Energy prices skyrocketed 500 percent during the same period.

"I can hold on for a year, then we'll see," added Avalos. "Without consumption we... die bit by bit."

- Cutting back on cupcakes -


The SME chamber CAME says manufacturing output among its members dropped by nearly 12 percent year-on-year last month and by 20 percent for the first quarter.

By far the majority of the country's SME's produce exclusively for the domestic market.

"SMEs don't see a floor (to the downward trend) in the short term," the CAME said in a recent statement.

Big business doesn't, either.

Steel company Acindar said in March it was stopping production for a month at four plants to compensate for a 40-percent drop in sales of the commodity.

In Caseros, elsewhere in Buenos Aires province, cookie factory Dulcypas is working at half capacity, having stopped two production lines.

The founder's grandson and current owner Fernando Martinez said he has had to fire staff, reduce salaries and limit output.

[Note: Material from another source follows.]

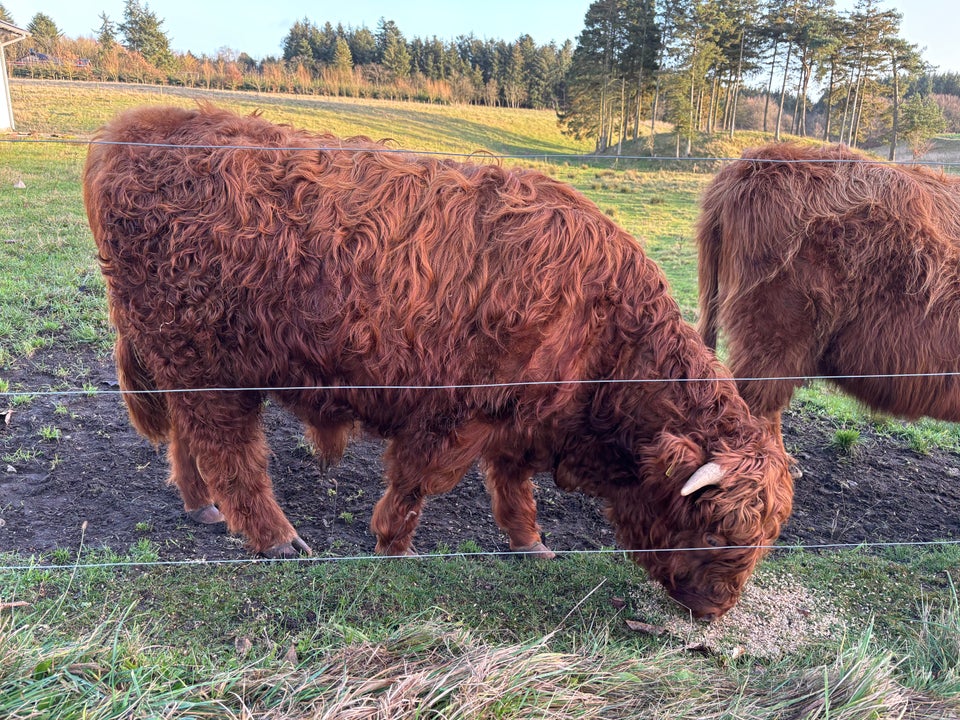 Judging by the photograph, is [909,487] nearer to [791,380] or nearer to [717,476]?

"The biscuits sell very well because they are cheap," he told AFP. "The cupcakes? More expensive, not so much."

The International Monetary Fund has forecast Argentina's economy will contract 2.8 percent this year before rebounding with growth of about 5.0 percent in 2025.

- Calls for regulation -


Paper mill owner Daniel Rosato, who is also president of the Industrial Union of Berazategui -- a grouping of factory owners on the outskirts of the capital -- said some 600 SMEs that exported manufactured goods had closed in Argentina since last year.

"The other side of that is a rise in informal work, which represents less income for the state," he told AFP.

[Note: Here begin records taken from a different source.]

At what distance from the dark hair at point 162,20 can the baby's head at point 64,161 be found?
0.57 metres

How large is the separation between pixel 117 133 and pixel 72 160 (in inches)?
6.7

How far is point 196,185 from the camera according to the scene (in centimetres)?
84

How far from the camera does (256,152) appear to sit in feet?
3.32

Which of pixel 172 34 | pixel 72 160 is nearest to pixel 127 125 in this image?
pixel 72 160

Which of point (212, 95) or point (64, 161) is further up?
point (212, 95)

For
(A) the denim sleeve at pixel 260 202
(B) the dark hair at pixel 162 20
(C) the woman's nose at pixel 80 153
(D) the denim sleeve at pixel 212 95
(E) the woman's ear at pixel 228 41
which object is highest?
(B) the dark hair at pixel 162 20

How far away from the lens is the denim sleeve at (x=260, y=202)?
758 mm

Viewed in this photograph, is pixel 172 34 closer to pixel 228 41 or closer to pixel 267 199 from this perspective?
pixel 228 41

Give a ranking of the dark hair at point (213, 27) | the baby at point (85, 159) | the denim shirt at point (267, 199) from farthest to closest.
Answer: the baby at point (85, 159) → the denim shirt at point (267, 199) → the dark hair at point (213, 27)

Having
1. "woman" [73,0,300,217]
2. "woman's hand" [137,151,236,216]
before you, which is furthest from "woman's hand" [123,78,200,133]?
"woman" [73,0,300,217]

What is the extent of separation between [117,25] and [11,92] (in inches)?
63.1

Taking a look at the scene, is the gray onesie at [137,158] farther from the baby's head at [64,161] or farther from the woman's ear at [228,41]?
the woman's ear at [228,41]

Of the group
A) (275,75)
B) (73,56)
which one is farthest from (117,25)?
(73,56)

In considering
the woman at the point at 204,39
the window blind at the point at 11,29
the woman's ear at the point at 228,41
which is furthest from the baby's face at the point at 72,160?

For Alejandro Bartolini, who owns oil pump producer Metalcrom, fair competition is the only way out.

"We don't believe in closed markets, but we also don't believe that indiscriminate opening can lead to success," he said.

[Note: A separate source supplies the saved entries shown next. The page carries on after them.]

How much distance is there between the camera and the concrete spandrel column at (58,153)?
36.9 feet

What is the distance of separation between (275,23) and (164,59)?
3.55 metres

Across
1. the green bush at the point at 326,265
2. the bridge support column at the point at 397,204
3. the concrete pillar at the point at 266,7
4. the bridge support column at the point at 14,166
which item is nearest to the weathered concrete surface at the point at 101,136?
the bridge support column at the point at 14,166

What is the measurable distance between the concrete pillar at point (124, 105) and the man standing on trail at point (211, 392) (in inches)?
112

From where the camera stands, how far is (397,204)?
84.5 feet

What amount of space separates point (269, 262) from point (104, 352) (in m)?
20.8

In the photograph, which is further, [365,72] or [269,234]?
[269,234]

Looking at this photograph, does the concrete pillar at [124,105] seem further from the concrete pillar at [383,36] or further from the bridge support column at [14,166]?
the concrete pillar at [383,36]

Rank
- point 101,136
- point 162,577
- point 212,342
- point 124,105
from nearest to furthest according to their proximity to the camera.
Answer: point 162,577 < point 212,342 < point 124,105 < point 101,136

"Labor and capital will be lost if we do not regulate the external market."

On Monday, Milei hailed his country's first quarterly budget surplus since 2008 as "a feat of historic significance on a global scale."

Libertarian economist Milei won elections last November vowing to reduce the deficit to zero.

To that end, he has instituted an austerity program that has seen the government slash subsidies for transport, fuel and energy even as poverty levels have reached 60 percent, according to a recent study,

Thousands of public servants have lost their jobs.

"Don't expect a way out through public spending," Milei warned.